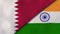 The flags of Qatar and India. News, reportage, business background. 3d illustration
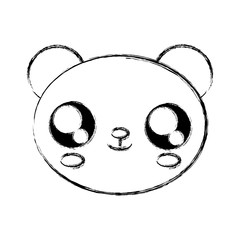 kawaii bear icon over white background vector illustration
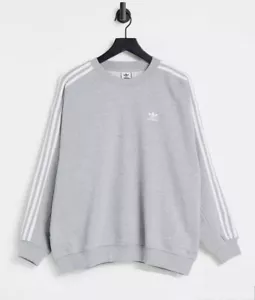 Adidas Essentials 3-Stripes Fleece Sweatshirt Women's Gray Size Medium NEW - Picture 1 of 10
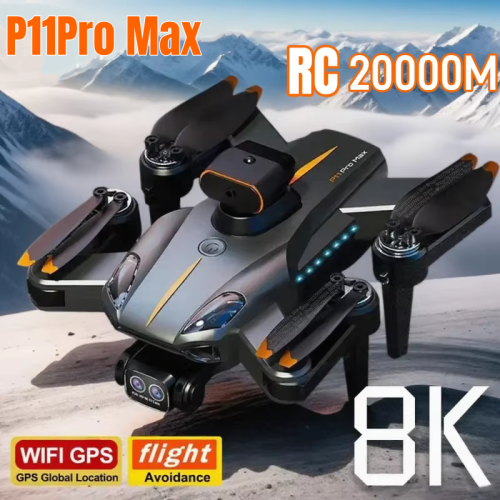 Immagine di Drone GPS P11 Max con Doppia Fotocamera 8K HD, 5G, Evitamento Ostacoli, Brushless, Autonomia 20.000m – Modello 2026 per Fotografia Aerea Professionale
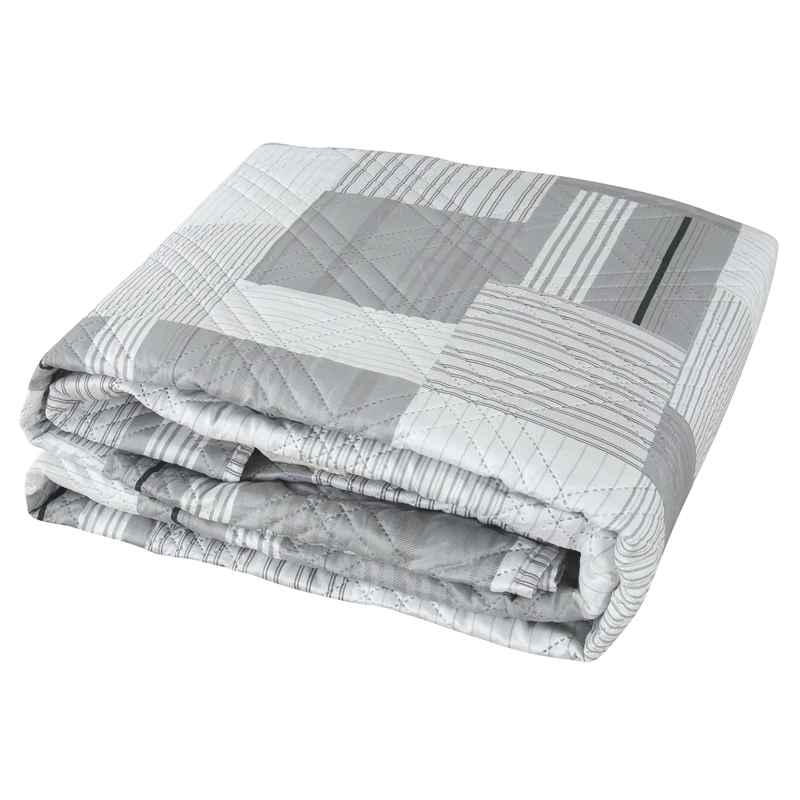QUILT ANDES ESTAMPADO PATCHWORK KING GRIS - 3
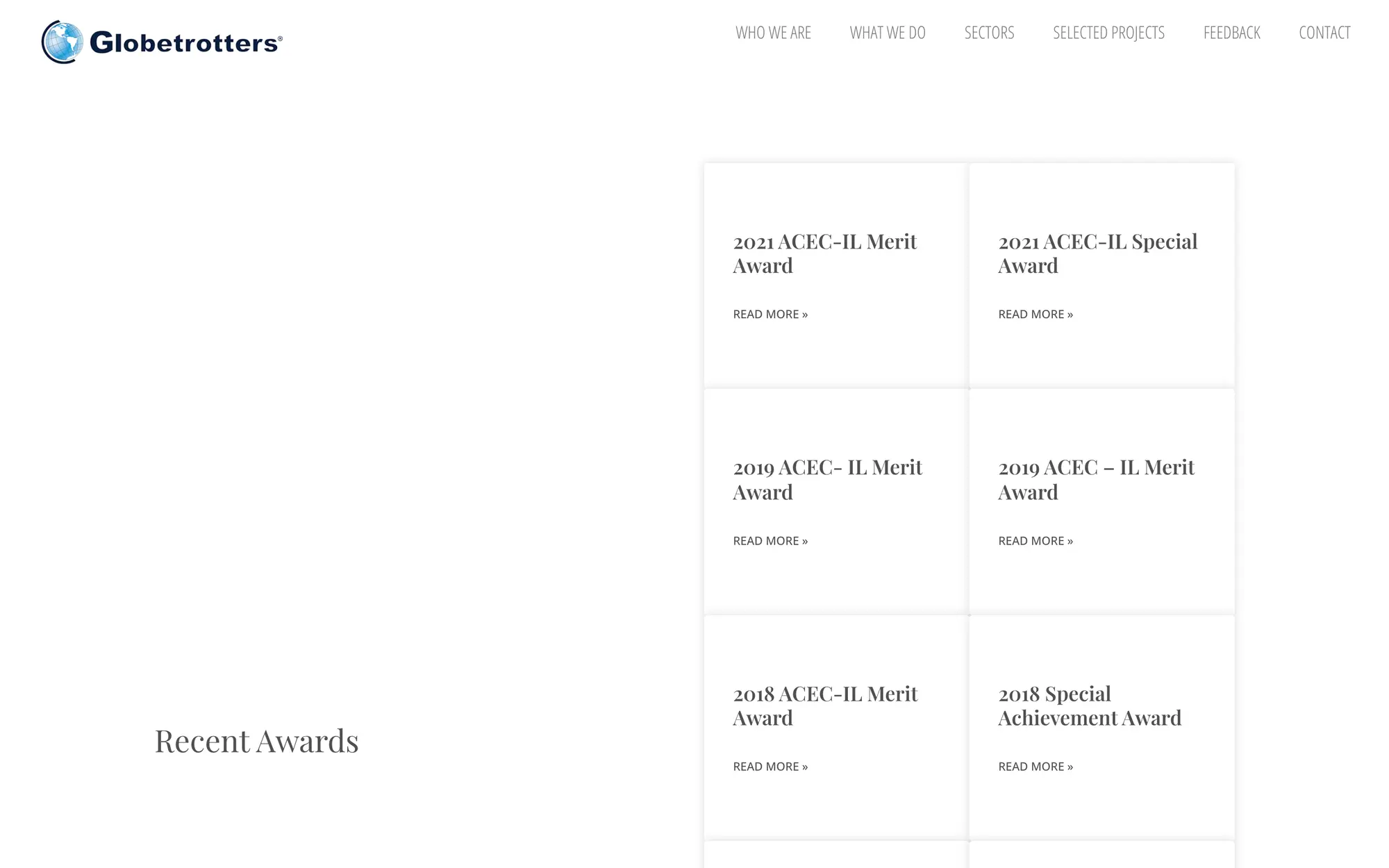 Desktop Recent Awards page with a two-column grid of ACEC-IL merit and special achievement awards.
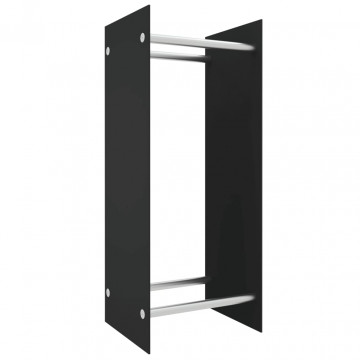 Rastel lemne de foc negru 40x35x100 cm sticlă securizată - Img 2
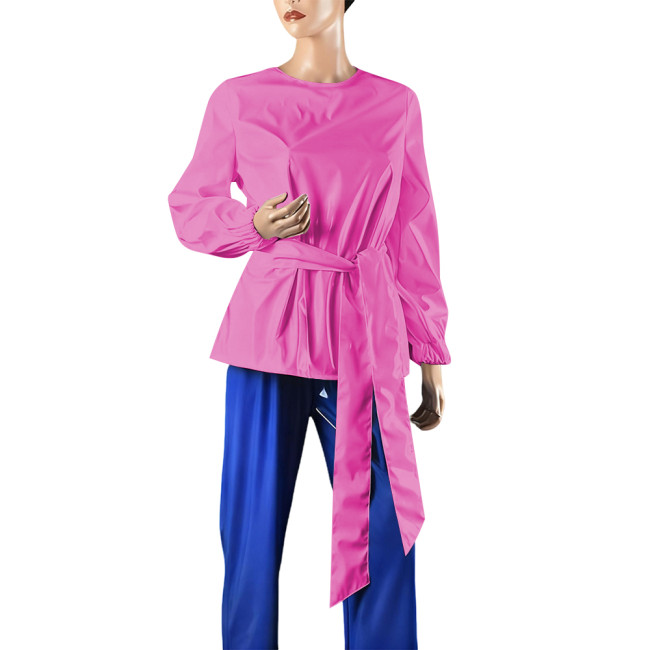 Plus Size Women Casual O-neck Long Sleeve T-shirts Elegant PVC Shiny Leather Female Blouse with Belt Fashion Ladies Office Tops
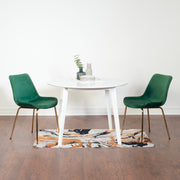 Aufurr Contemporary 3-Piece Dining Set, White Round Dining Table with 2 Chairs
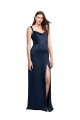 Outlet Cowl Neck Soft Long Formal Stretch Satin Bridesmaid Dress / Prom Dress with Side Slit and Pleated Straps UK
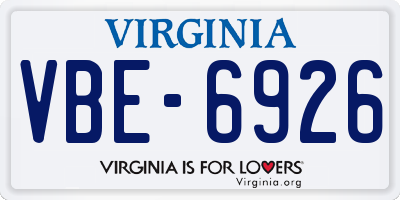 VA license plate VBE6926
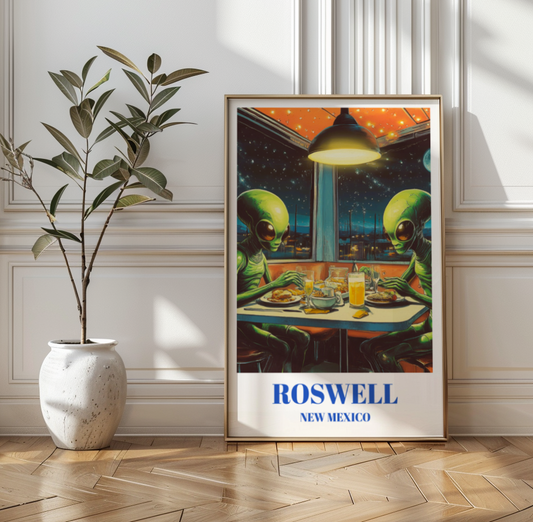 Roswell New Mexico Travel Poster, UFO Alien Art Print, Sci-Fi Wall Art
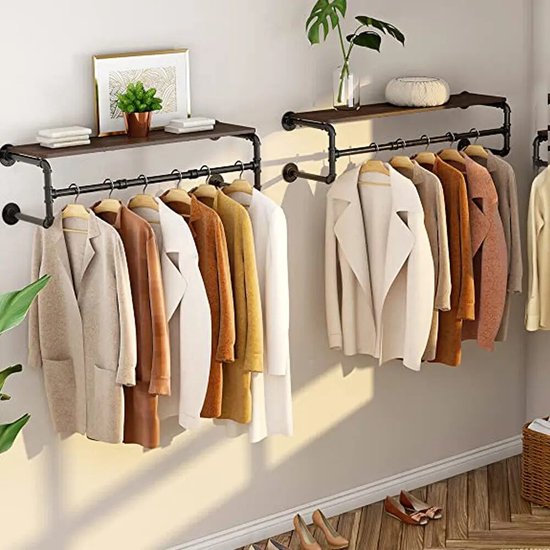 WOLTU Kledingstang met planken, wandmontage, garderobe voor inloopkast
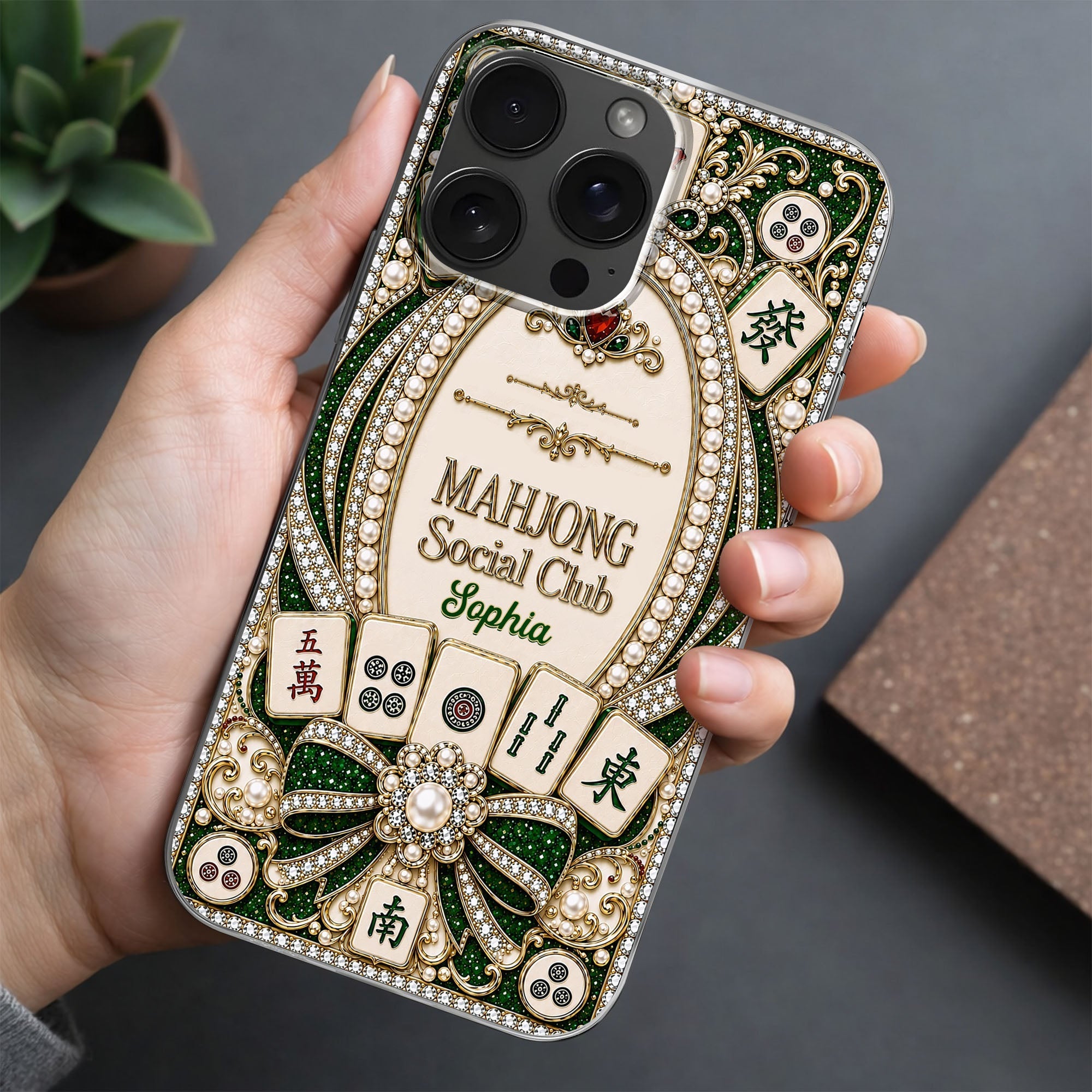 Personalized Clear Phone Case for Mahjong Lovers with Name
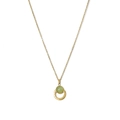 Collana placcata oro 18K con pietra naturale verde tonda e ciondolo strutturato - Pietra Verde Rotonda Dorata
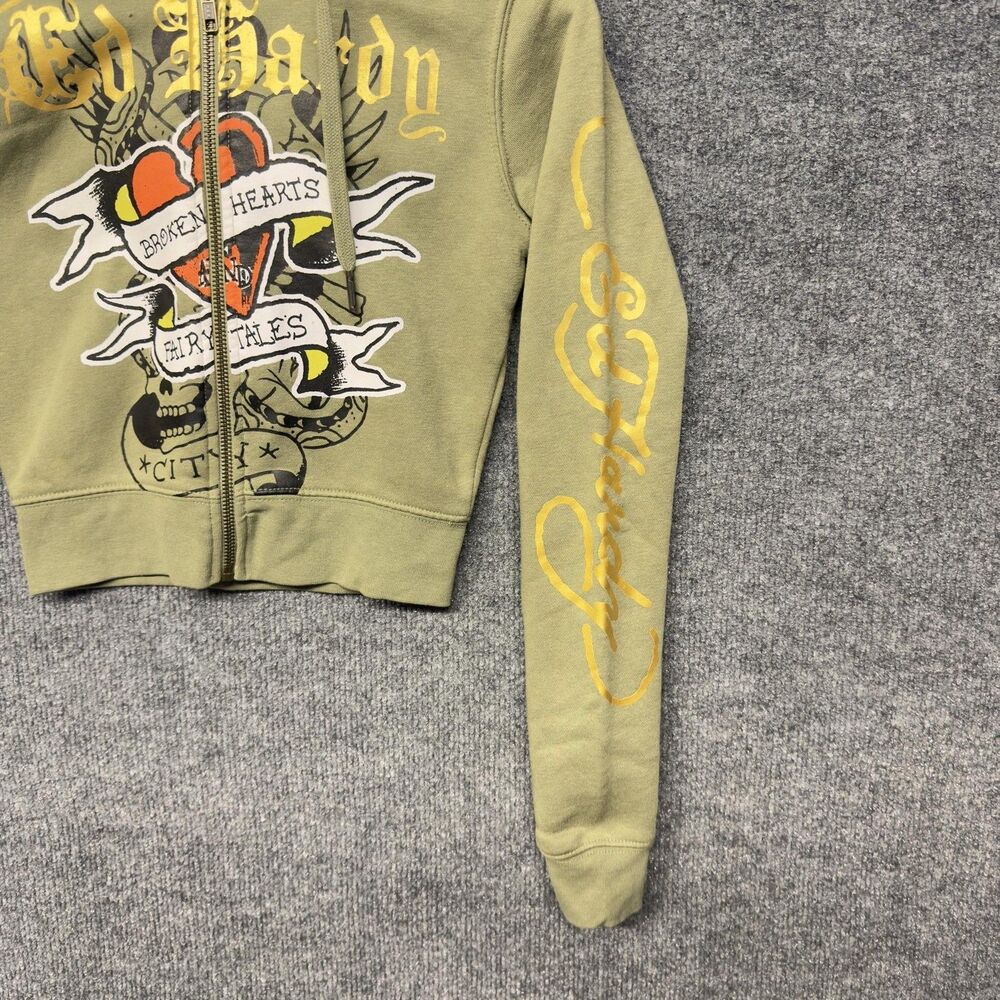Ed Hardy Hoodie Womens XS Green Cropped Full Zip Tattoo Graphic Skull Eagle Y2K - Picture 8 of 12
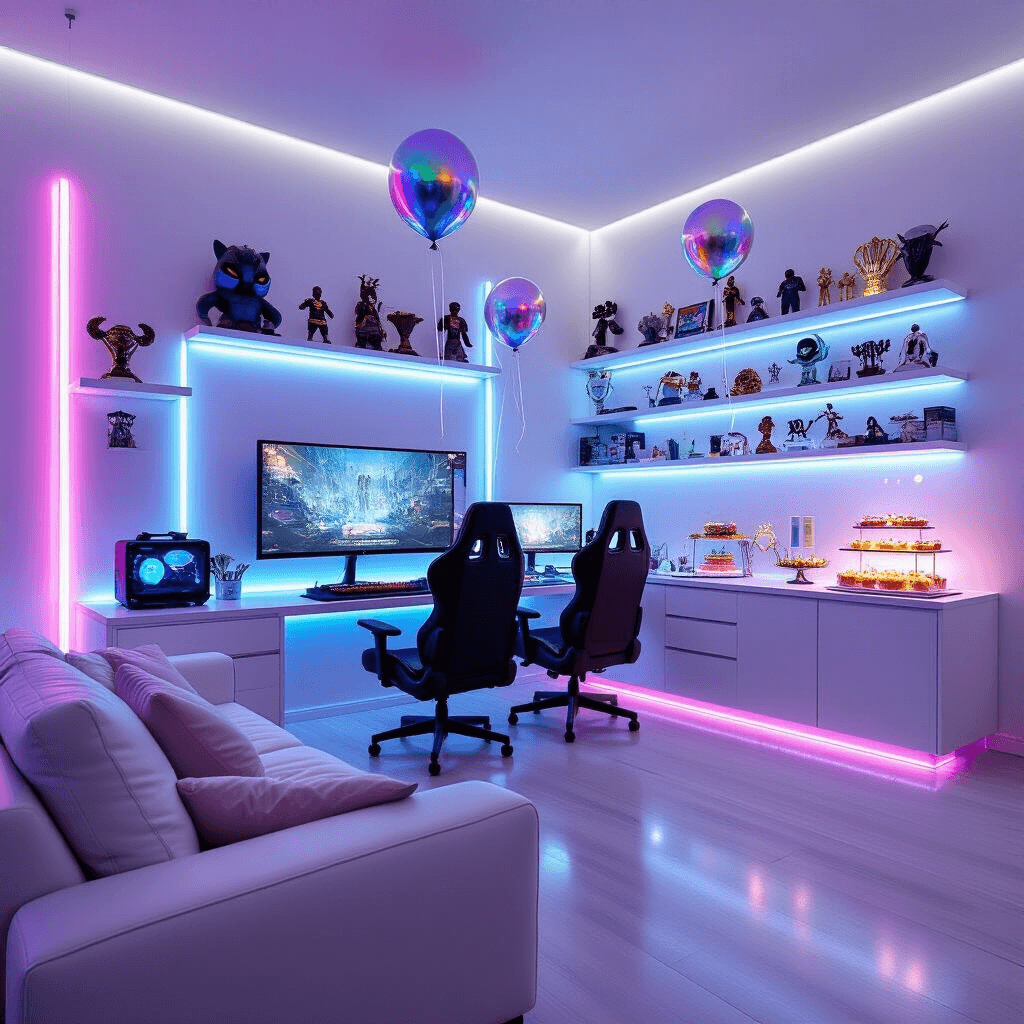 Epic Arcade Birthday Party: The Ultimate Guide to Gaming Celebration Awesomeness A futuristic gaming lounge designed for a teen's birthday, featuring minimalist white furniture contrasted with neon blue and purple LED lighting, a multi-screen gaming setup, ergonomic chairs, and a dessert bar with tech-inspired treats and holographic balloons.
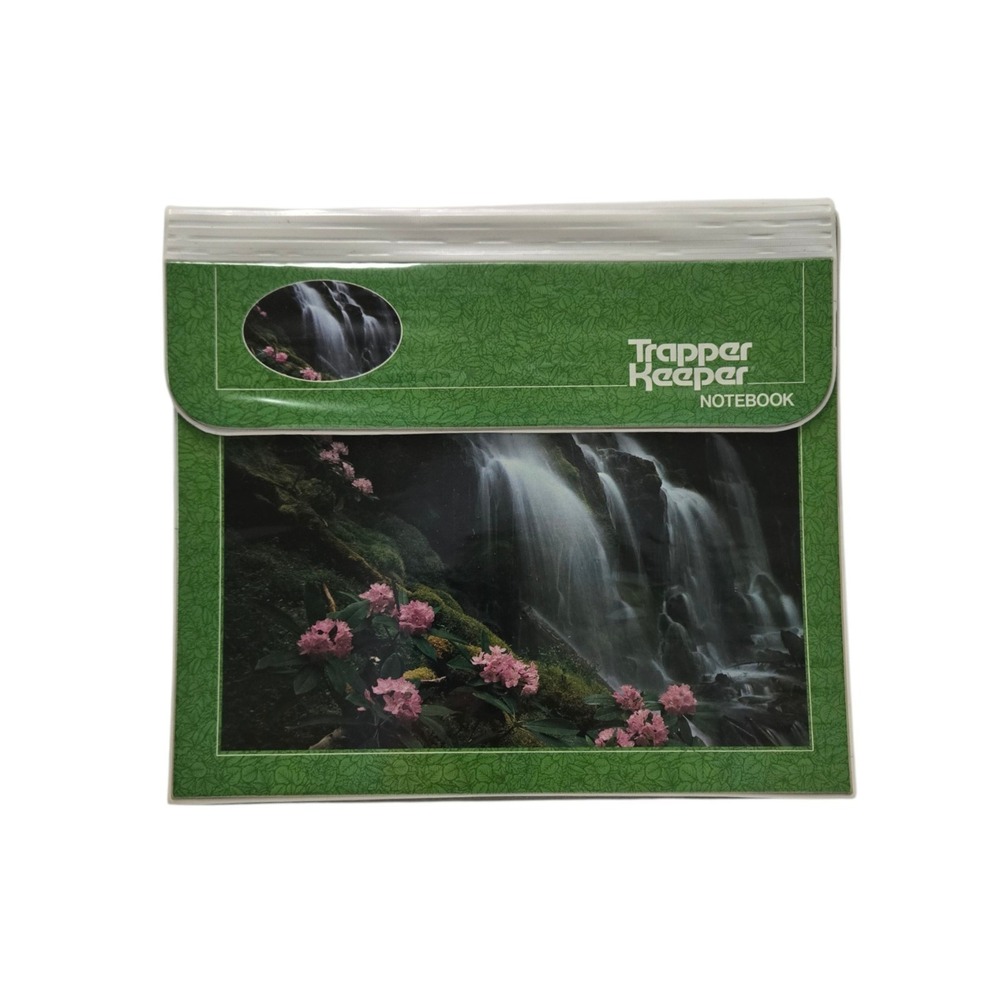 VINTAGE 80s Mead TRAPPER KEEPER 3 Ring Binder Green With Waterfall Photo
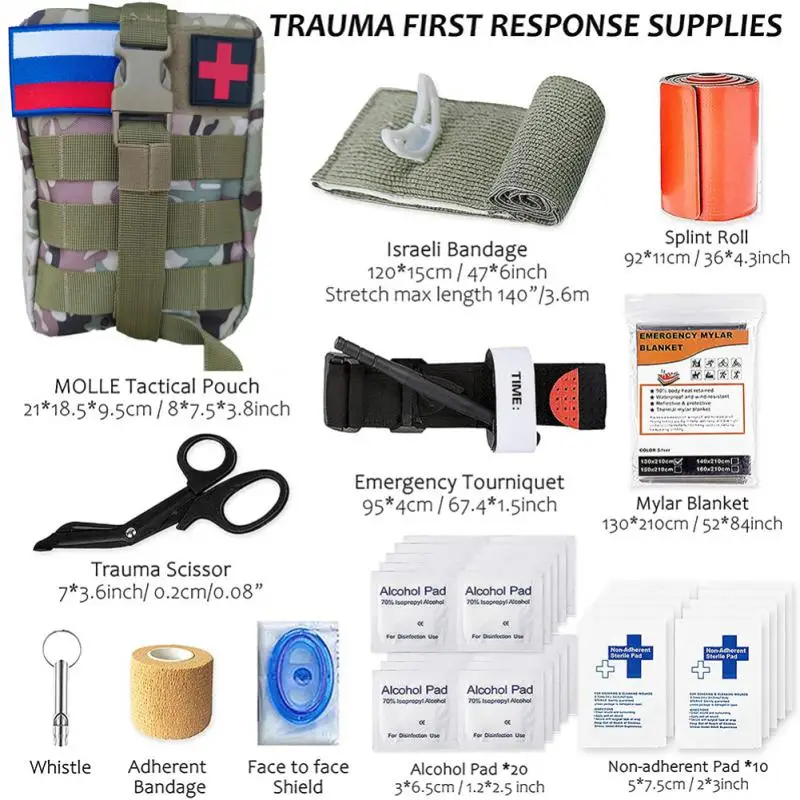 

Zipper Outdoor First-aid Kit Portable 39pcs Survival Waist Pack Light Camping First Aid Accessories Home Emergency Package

################

◆ **Work to complete**:
Give back the exact lines above, running from the one that has "VA license plate VBE6926" through the one that has "Ed Hardy Hoodie", with nothing added and no pictures.

◆ **Exercise answer**:
 VA license plate VBE6926
 Roswell New Mexico Travel Poster, UFO Alien Art Print, Sci-Fi Wall Art
 WOLTU Kledingstang met planken, wandmontage, garderobe voor inloopkast
 Personalized Clear Phone Case for Mahjong Lovers with Name
 Collana placcata oro 18K con pietra naturale verde tonda e ciondolo strutturato - Pietra Verde Rotonda Dorata
Ed Hardy Hoodie Womens XS Green Cropped Full Zip Tattoo Graphic Skull Eagle Y2K - Picture 8 of 12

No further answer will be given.